While the above is true, and many of these recurring tropes are in play - among others such as exploring animism and a clear love of “the old ways” and tradition - The Boy and the Heron is a good deal more heavy and unsettling than the likes of Totoro.
On the surface, the story introduces the stock Anime protagonist child, Mahito. Rather than brimming with whimsy and curiosity, Mahito is an angry, traumatised shell of a boy grieving over the gruesome immolation of his mother during the Second World War. He is then evacuated with his father from Tokyo to the countryside with his father and his new wife, his late wife’s pregnant(!) identical sister.
After a quick bit of self-harm, as he gratuitously smashes his own head in with a rock, he meets a creepy semi-anthropomorphic talking heron, who leads him into a cave on promises of seeing his dead mum again.

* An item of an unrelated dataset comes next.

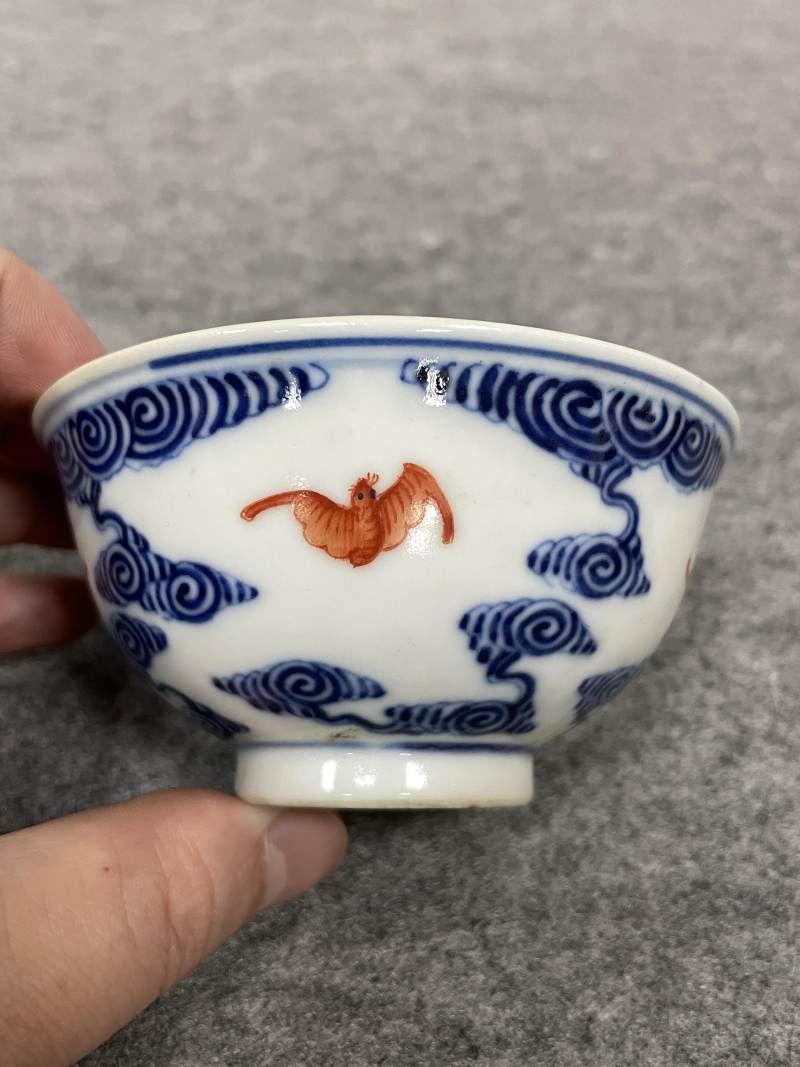 清光绪 青花矾红洪福齐天图杯、碗、盖碗、盘、匙八十三只 - 图42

He is tricked, and goes off for a standard Studio Ghibli® brand adventure.
This is an incredibly dark movie in themes, and much like Disney’s “Up” isn’t really about the surface plot - the titular talking heron. Neither is it about the wannabe Witch King of Angmar antagonist, or the crazy hijinx that occur throughout the second hour. This movie is about trauma, grieving and PTSD.
But in the end
.
In short, despite critical, commercial and audience success, I really didn’t get this movie. It’s so overwrought with heavy symbolism and metaphor and yes, is really, really weird. There isn’t a lot of humour (I found the comedy relief of the servants/maids in the household irritating rather than amusing).
I just don’t get who it’s for, mostly. The adventure portion in the second half of the film is fairly stock Ghibli stuff ideal for kids, the first half is decidedly creepy and I wouldn’t recommend it to younger children, giving it a very strange feeling of being both confused and confusing.
I mostly watched the English dub which is packed with stars such as Christian Bale, Robert Pattinson, Mark Hamill, Willem Dafoe, Florence Pugh and Dave Bautista. The acting is fine, I suppose, but I tried the Japanese dub and that was just as good to my ears.
2*
BAFTA Best Animated Picture
Golden Globe Best Animated Picture
Academy Aware Best Animated Picture
7.4 IMDB, 97% Rotten Tomatoes
Here be spoilers for “The Boy and the Heron”:
This was absolutely batshit. I mean completely mental.
I am no anime fan, I generally find it weird. But I can abide controlled weirdness, particularly when it’s wholesome and not overly sexualised like so many animes are. I really like My Neighbour Totoro, for instance.
But The Boy and the Heron… this was absolutely fruit loops.
This movie, legendary auteur Hayao Miyazaki’s swan song, went like billy-o at the box office, becoming the fifth biggest grossing Japanese blockbuster of all time.
No denying it’s a beautiful movie, and Joe Hisaishi’s score is happily predictably superb. But the plot…?! Even for Studio Ghibli (the East’s Disney, for those who aren’t familiar) this one fell asleep on the District Line and woke up in Barking.
It would be easy - and lazy - to say that as with most Ghibli movies, it centres around a young child transporting from their regular lives into a magical uncanny valley, meeting a magical creature, and then having a very gentle adventure.
While the above is true, and many of these recurring tropes are in play - among others such as exploring animism and a clear love of “the old ways” and tradition - The Boy and the Heron is a good deal more heavy and unsettling than the likes of Totoro.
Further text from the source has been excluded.